# MatMul Driver

## Usage
``` sh
    ./benchdnn --matmul [benchdnn-knobs] [matmul-knobs] [matmul-desc] ...
```

where *matmul-knobs* are:

 - `--dt={f32:f32:f32 [default], ...}` -- source, weights and destination data
            types. Interface supports broadcasting, when a single input is
            provided, e.g., `--dt=f32`, and the value will be applied for all
            tensors.

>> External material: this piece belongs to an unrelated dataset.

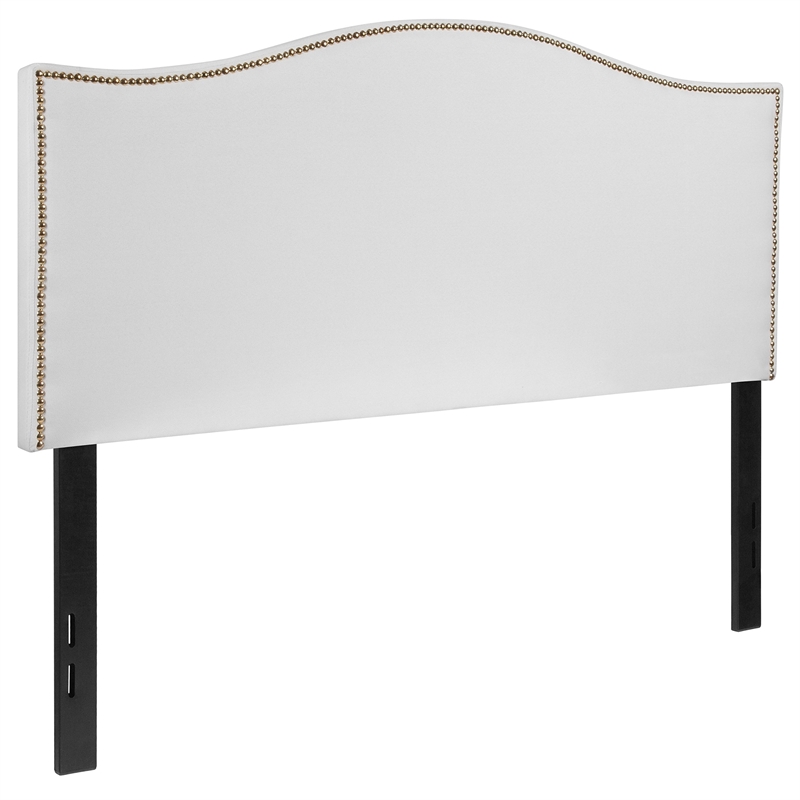 Pemberly Row Contemporary Upholstered Full Panel Headboard in White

Refer to [data types](knobs_dt.md) for details.
 - `--stag={ab [default], any, ...}` -- memory format of the source memory.
            Refer to [tags](knobs_tag.md) for details.
 - `--wtag={ab [default], any, ...}` -- memory format of the weights memory.
            Refer to [tags](knobs_tag.md) for details.
 - `--dtag={ab [default], any, ...}` -- memory format of the destination memory.
            Refer to [tags](knobs_tag.md) for details.
 - `--strides=SRC_STRIDES:WEI_STRIDES:DST_STRIDES` -- physical memory layout
            specification for `src`, `weights`, and `dst` tensors through
            strides values. Refer to [option documentation](knob_strides.md)
            for details.
 - `--bia_dt={undef [default], f32, s32, s8, u8}` -- bias data type.
            To run MatMul without bias, use `undef` data type (default).
            Refer to [data types](knobs_dt.md) for details.
 - `--bia_mask=INT` -- a bit-mask that indicates which bias dimensions are
            broadcasted. 0-bit means broadcast, 1-bit means full dimension.
 - `--runtime_dims_masks=[INT][:INT]` -- a bit-mask with values for `src` and
            `weights` that indicates whether a dimension is
            `DNNL_RUNTIME_DIM_VAL` (indicated as 1-bit in the corresponding
            dimension position). The default is `0` for all dimensions, meaning
            all tensor dimensions are fully defined at primitive creation. For
            tensors with option values other than `0`, a correspondent memory
            format tag must be specified.
- `--encoding=STRING` - sparse encodings and sparsity. No encodings are set by
            default. Refer to [encodings](knobs_encoding.md) for details. This
            is an experimental feature that must be enabled via a build time
            CMake option `DNNL_EXPERIMENTAL_SPARSE`.
 - `--match=REGEX` -- skip problems not matching the regular expression in
            `REGEX`. By default no pattern is applied (run everything).
            Note: Windows may interpret only string arguments surrounded by
            double quotation marks.
 - Any attributes options. Refer to [attributes](knobs_attr.md) for details.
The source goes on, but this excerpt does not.